* **PROBLEM TO SOLVE**
Leave out the pictures and repeat exactly the lines from the one containing "Close-up of a" through the end of the records.

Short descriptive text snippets
▬▬▬

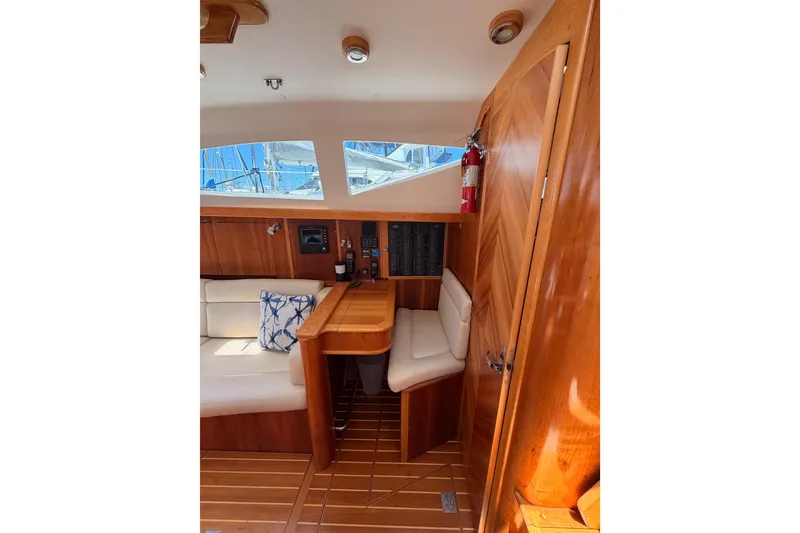 Slide: The Image of Interior of 2007 Saga 409 sailboat with wooden furnishings and seating area. - 73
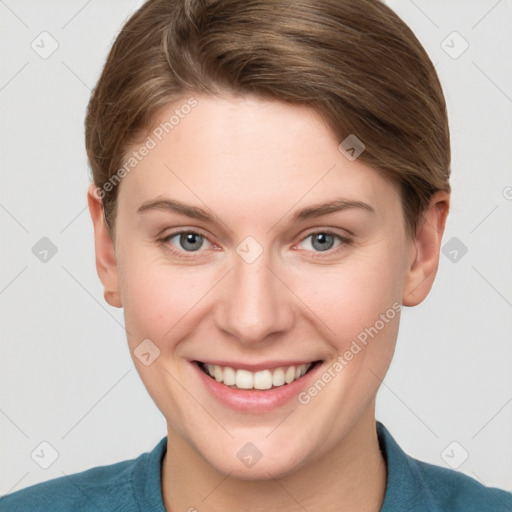 Joyful white young-adult female with short  brown hair and blue eyes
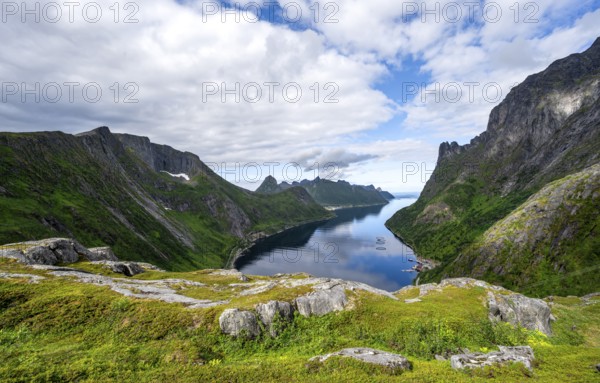 View of Øyfjorden fjord and mountains, fjord landscape with mountain peaks, hike to Barden mountain, Senja, Norway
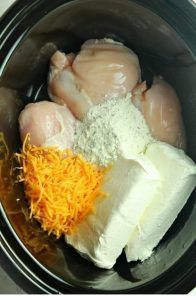 chicken, cheese and other ingredients in an electric pressure cooker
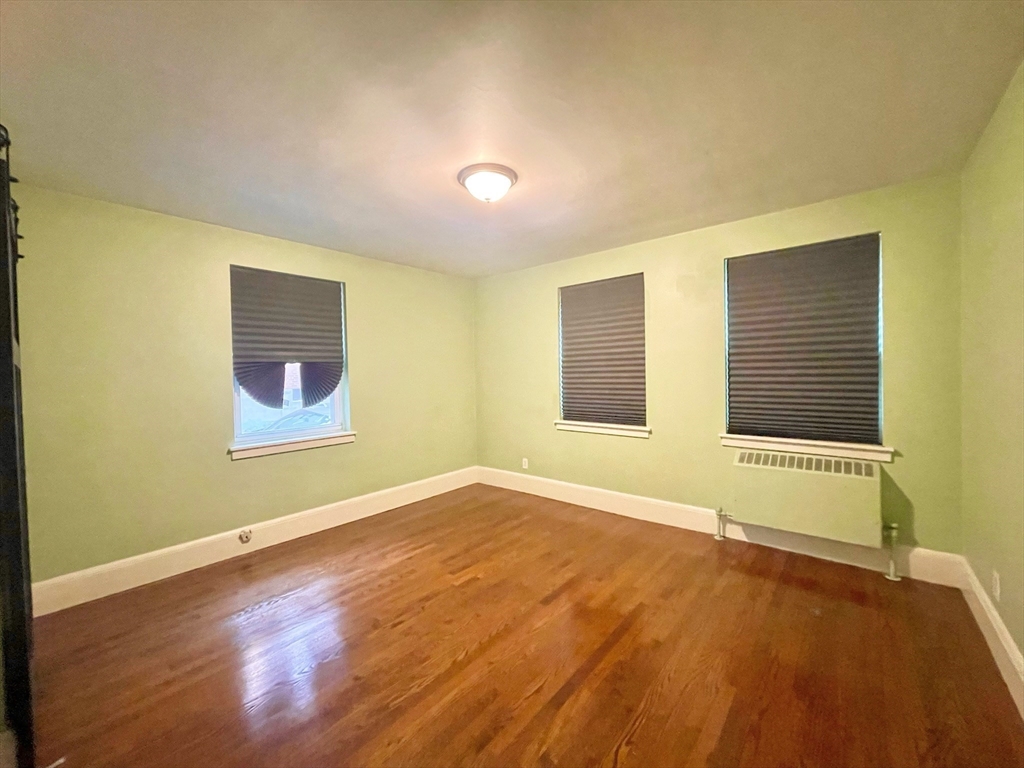 1 O'Leary Way, Unit 91 Boston, MA 02130 - Photo 7 of 12 a view of an empty room with wooden floor and a window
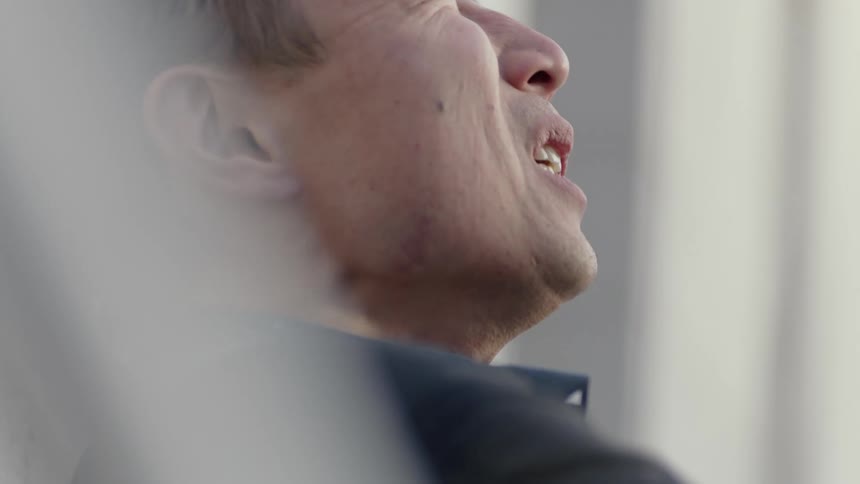 A man sits down and promptly takes off his helmet and takes many deep breaths to calm down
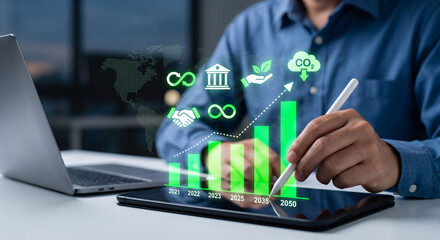 Fototapeta premium Sustainable business financial investment concept with a businessman analyzing a rising green growth chart and carbon reduction icons on a digital tablet.
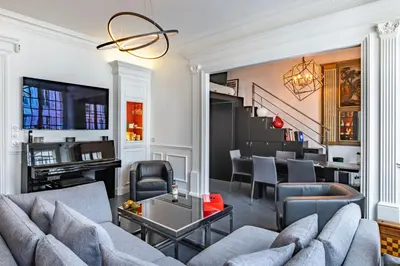 Coin salon dans l'établissement Sublime appartement climatisé proche Paris et Boulogne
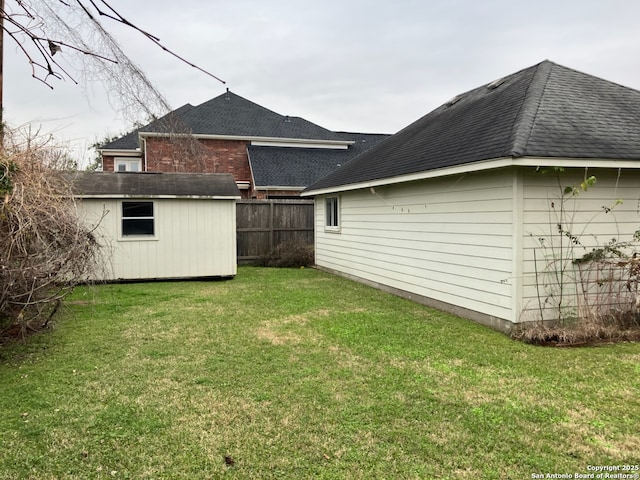 view of yard featuring a shed, fence, and an outbuilding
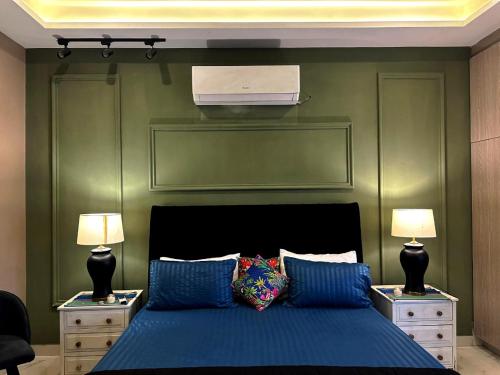 a bedroom with a bed and two night stands with lamps at River Hill in Rawalpindi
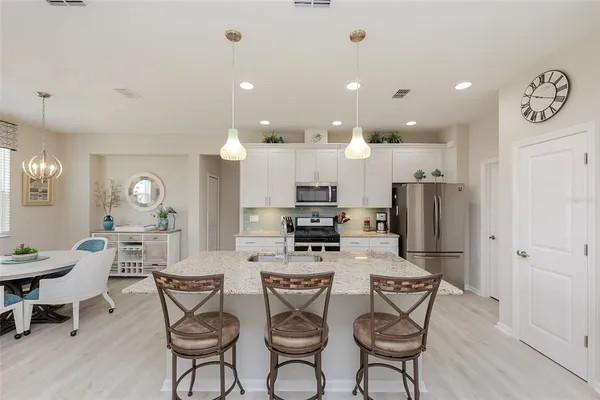 a kitchen with a dining table cabinets and stainless steel appliances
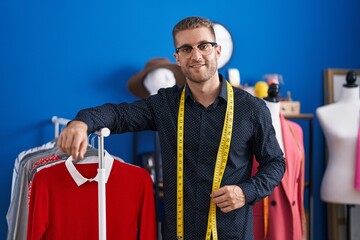 Wall Mural - Young caucasian man tailor smiling confident leaning on clothes rack at clothing factory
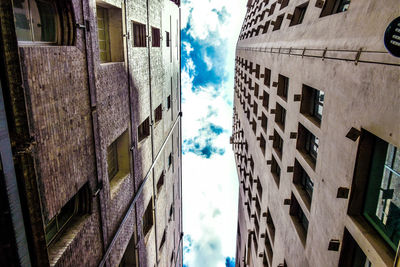 Low angle view of skyscrapers against sky
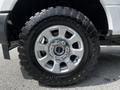 Close-up of a 2017 Ford F-250 SD wheel featuring an intricate silver rim and an all-terrain tire with deep treads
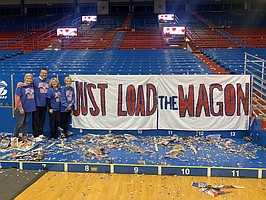 Kansas coach Bill Self, second from left, is joined by his sister, Shelly Anderson, left, his wife, Cindy, and his mother, Margaret, by the new banner that hangs in Allen Fieldhouse to honor a favorite phrase of his father's, Bill Self Sr., who died in late January at 82. 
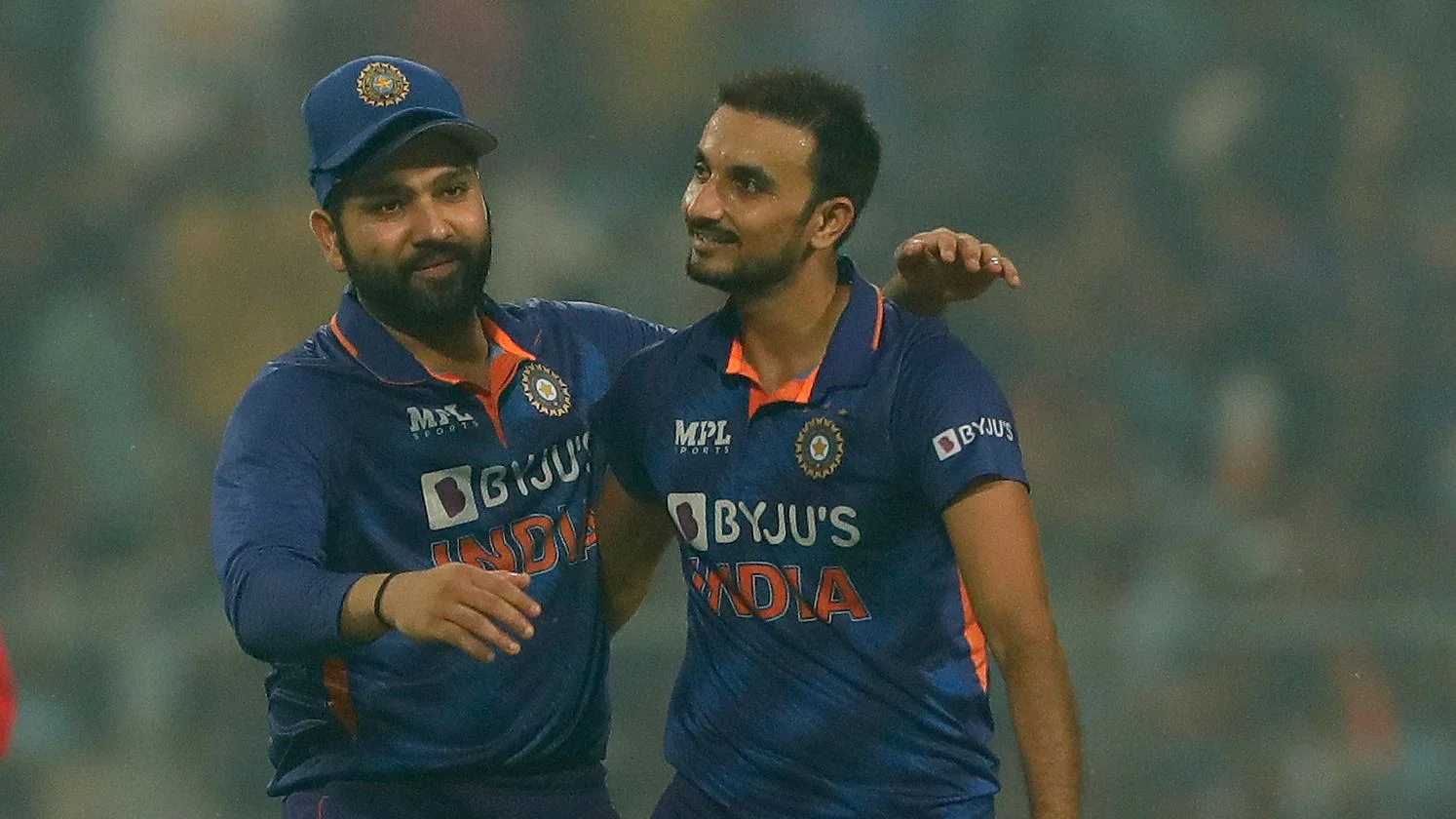 Harshal Patel and Rohit Sharma | Getty
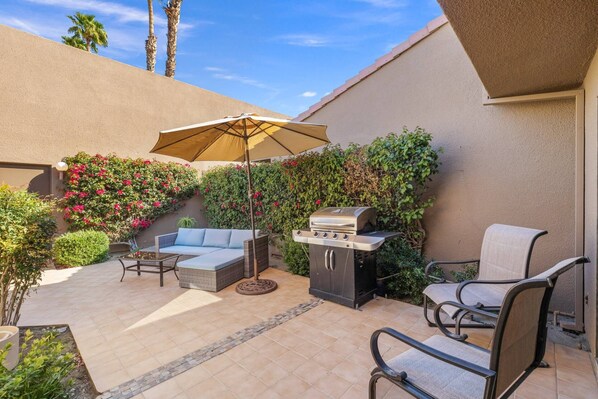 An outdoor patio with a grill, seating, and a pergola.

▬▬▬

* **THE COMPLETED TASK**
 Close-up of a 2017 Ford F-250 SD wheel featuring an intricate silver rim and an all-terrain tire with deep treads
 Kansas coach Bill Self, second from left, is joined by his sister, Shelly Anderson, left, his wife, Cindy, and his mother, Margaret, by the new banner that hangs in Allen Fieldhouse to honor a favorite phrase of his father's, Bill Self Sr., who died in late January at 82. 
 Harshal Patel and Rohit Sharma | Getty
 An outdoor patio with a grill, seating, and a pergola.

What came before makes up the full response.